ASSUMPTION: Either the user or the person who is installing is assumed to have Admin rights on your Windows 10 laptop. There may be ways to do the installation without the Admin rights, but that is a completely different setup including the set-up for Anaconda3 and R

ASSUMPTION: If you have Admin rights then it is also assumed that you have some familiarity with Folder Operations, setting System variables, and familiarity with executing commands using the Command prompt in standard Windows and the prompt in Anaconda3.

ASSUMPTION: Assumes that Anaconda3 and R-4.1.0 (both 64-bit) have been installed on your Windows 10 laptop.

ASSUMPTION: If you follow the instructions provided precisely, they most likely should work. However, please note that with Open-source projects and tools, you are using these tools with a known risk that when one tool works, another might break (this happens with “rstan” package, where setting the optimization level for C++ code can hinder the compiler when it comes other packages that do not use the more complex optimization that “rstan” uses). This posting is an attempt to help other users with what I have learned. However, you assume all the risk associated with anything that functions differently or breaks after going through these steps.

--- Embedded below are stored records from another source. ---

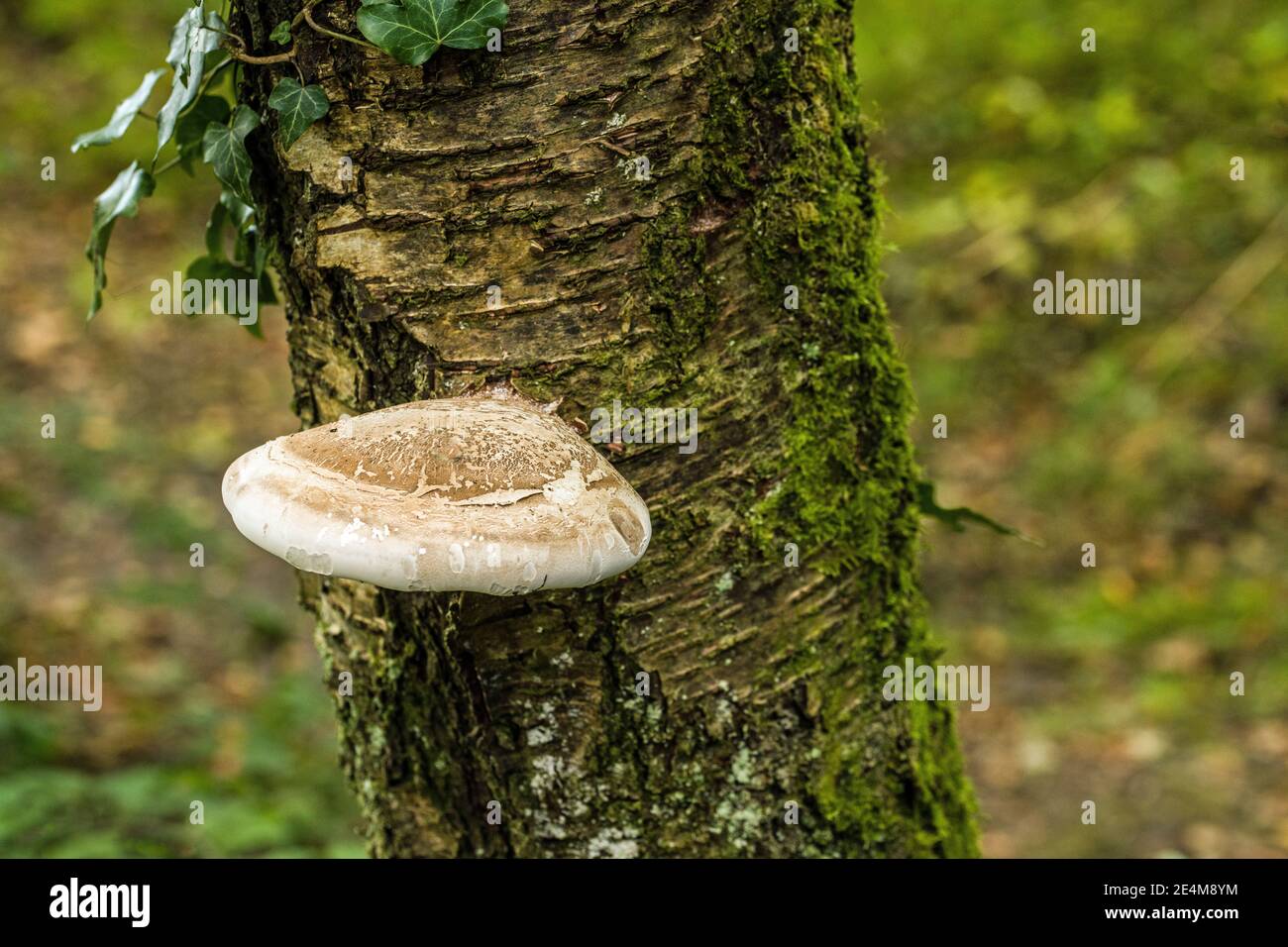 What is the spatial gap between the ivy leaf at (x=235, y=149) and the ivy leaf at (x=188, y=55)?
92 millimetres

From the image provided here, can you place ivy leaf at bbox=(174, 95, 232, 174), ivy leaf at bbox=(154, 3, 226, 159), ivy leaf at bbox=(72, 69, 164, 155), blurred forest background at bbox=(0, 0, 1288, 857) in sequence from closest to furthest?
1. ivy leaf at bbox=(154, 3, 226, 159)
2. ivy leaf at bbox=(174, 95, 232, 174)
3. ivy leaf at bbox=(72, 69, 164, 155)
4. blurred forest background at bbox=(0, 0, 1288, 857)

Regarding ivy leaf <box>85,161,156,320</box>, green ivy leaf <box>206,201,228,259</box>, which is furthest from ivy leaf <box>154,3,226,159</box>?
green ivy leaf <box>206,201,228,259</box>

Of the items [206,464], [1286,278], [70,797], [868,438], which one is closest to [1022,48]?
[1286,278]

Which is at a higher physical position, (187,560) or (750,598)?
(187,560)

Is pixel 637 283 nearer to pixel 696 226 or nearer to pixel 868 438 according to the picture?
pixel 696 226

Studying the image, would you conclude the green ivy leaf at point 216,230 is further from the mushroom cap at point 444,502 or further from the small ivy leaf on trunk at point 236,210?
the mushroom cap at point 444,502

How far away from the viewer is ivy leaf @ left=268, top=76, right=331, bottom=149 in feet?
5.68

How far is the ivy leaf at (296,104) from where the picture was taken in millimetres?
1732

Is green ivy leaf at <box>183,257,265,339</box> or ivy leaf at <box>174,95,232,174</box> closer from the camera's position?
ivy leaf at <box>174,95,232,174</box>

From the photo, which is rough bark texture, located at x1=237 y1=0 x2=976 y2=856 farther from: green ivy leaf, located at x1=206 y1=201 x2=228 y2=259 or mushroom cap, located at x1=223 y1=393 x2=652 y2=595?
green ivy leaf, located at x1=206 y1=201 x2=228 y2=259

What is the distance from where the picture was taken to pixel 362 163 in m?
1.77

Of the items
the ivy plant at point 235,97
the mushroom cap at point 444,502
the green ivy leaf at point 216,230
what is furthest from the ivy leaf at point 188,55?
the mushroom cap at point 444,502

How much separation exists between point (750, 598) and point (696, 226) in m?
0.70

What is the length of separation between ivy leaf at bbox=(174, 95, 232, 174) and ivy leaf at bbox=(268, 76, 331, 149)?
23 centimetres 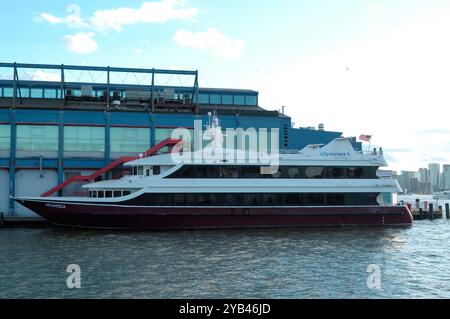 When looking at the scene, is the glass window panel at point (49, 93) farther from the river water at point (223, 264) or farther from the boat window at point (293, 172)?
the boat window at point (293, 172)

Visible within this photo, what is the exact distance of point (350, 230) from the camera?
1139 inches

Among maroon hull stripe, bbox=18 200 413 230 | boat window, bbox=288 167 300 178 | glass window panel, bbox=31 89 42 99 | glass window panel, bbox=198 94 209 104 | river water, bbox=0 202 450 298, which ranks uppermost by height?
glass window panel, bbox=31 89 42 99

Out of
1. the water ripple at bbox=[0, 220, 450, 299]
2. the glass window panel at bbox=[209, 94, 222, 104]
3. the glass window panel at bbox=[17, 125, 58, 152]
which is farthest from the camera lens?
the glass window panel at bbox=[209, 94, 222, 104]

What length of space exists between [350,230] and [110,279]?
18381 millimetres

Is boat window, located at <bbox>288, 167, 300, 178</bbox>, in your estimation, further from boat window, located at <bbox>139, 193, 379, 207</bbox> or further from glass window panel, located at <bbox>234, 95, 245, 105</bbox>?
glass window panel, located at <bbox>234, 95, 245, 105</bbox>

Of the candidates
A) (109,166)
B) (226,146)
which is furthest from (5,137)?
(226,146)

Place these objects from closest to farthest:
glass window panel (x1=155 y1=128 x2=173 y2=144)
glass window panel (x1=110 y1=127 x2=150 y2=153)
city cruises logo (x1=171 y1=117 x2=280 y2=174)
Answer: city cruises logo (x1=171 y1=117 x2=280 y2=174)
glass window panel (x1=110 y1=127 x2=150 y2=153)
glass window panel (x1=155 y1=128 x2=173 y2=144)

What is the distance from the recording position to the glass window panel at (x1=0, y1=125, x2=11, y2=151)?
34125 mm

DO NOT ever install such exploratory tools in laptops and servers that are mission critical for your day-to-day job.

You have to follow the following steps to exactly and create a conda environment in Anaconda3, 64-bit and then install reticulate, greta, tensorflow, causact, DiagrammeR, and bayesplot in R and then configure reticulate correctly so that the conda environment created for greta can be accessed correctly by R to run .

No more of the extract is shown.